Department of Mathematics and Statistics, University of Turku, Turku, Finland ; Turku Centre for Biotechnology, University of Turku and Åbo Akademi University, Turku, Finland.
Systems Biology Lab, Department of Genomes and Genetics, Institut Pasteur, Paris, France.
PLoS One. 2013 Dec 9;8(12):e82340. doi: 10.1371/journal.pone.0082340. eCollection 2013.

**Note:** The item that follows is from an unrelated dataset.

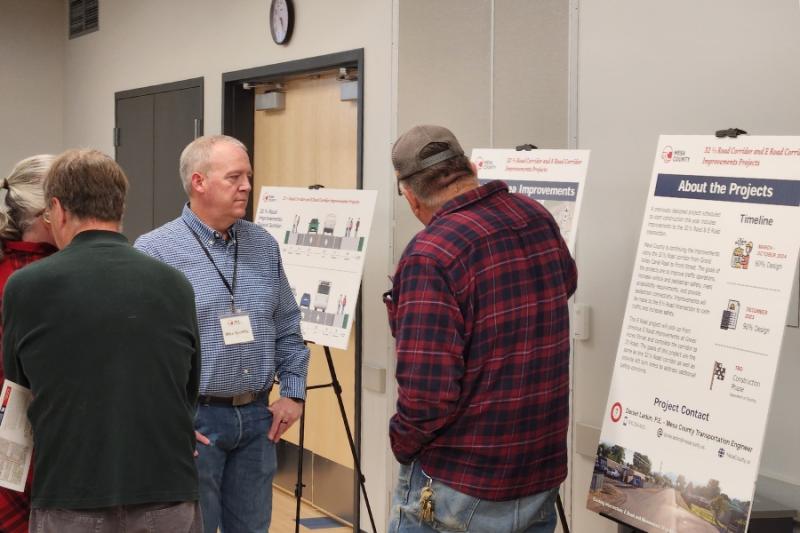 People looking at project board at open house.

Genetic and environmental determinants of altered cellular function, disease state, and drug response are increasingly studied using time-resolved transcriptomic profiles. While it is widely acknowledged that the rate of biological processes may vary between individuals, data analysis approaches that go beyond evaluating differential expression of single genes have so far not taken this variability into account. To this end, we introduce here a robust multi-gene data analysis approach and evaluate it in a biomarker discovery scenario across four publicly available datasets. In our evaluation, existing methods perform surprisingly poorly on time-resolved data; only the approach taking the variability into account yields reproducible and biologically plausible results. Our results indicate the need to capture gene expression between potentially heterogeneous individuals at multiple time points, and highlight the importance of robust data analysis in the presence of heterogeneous gene expression responses.

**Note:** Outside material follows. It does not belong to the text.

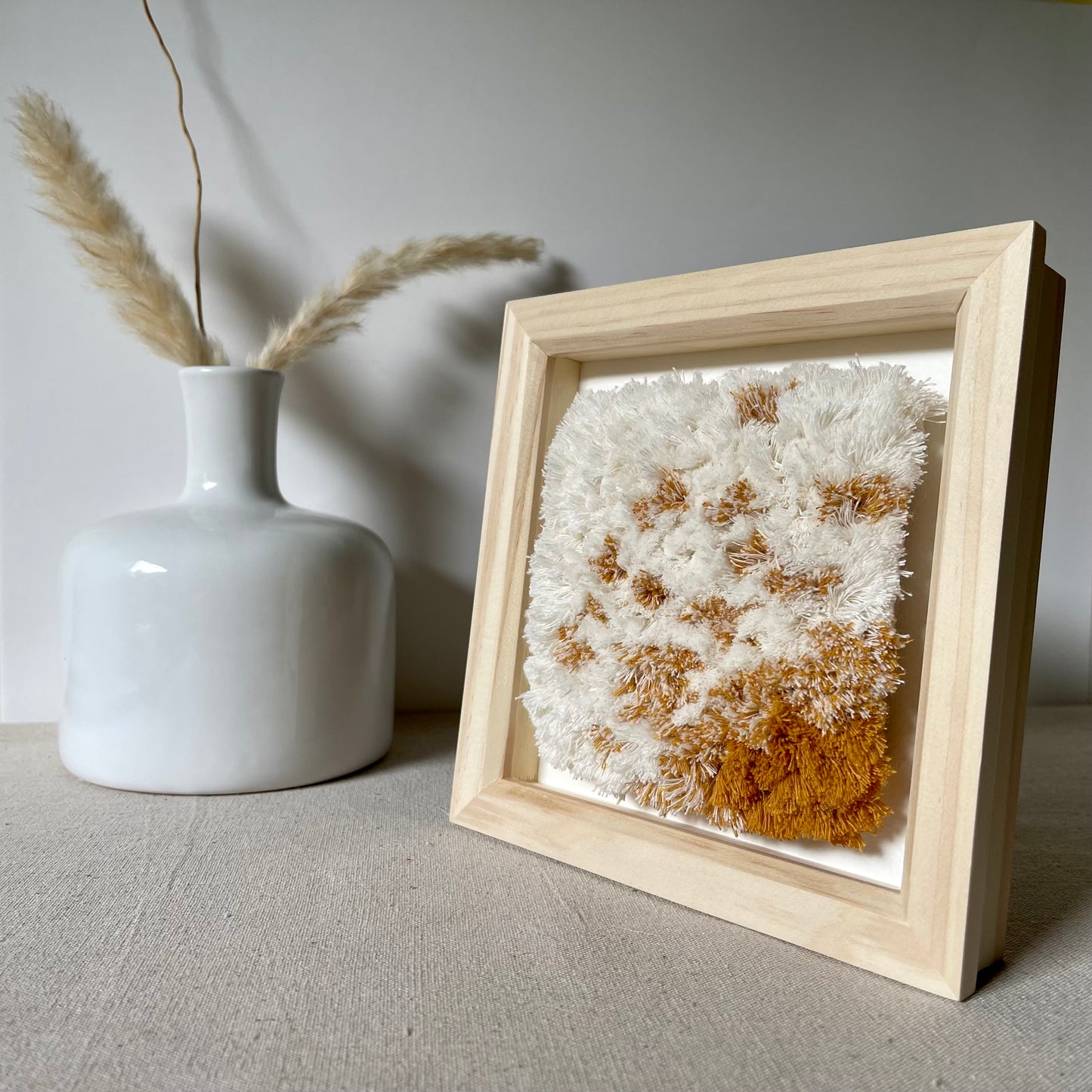 Cream and yellow ochre fluffy textured woven textile art in natural wood deep box frame on linen covered table next to scandi style vase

使用时间分辨转录组谱越来越多地研究改变细胞功能、疾病状态和药物反应的遗传和环境决定因素。虽然人们普遍认识到生物过程的速度可能因人而异,但迄今为止,超越评估单个基因差异表达的数据分析方法并未考虑到这种可变性。为此,我们在这里介绍了一种稳健的多基因数据分析方法,并在四个公开可用的数据集的生物标志物发现场景中对其进行了评估。在我们的评估中,现有的方法在时间分辨数据上的表现出人意料地差;只有考虑到这种可变性的方法才能得出可重复和具有生物学意义的结果。我们的研究结果表明,有必要在多个时间点捕捉潜在异质个体之间的基因表达,并强调在存在异质基因表达反应的情况下进行稳健数据分析的重要性。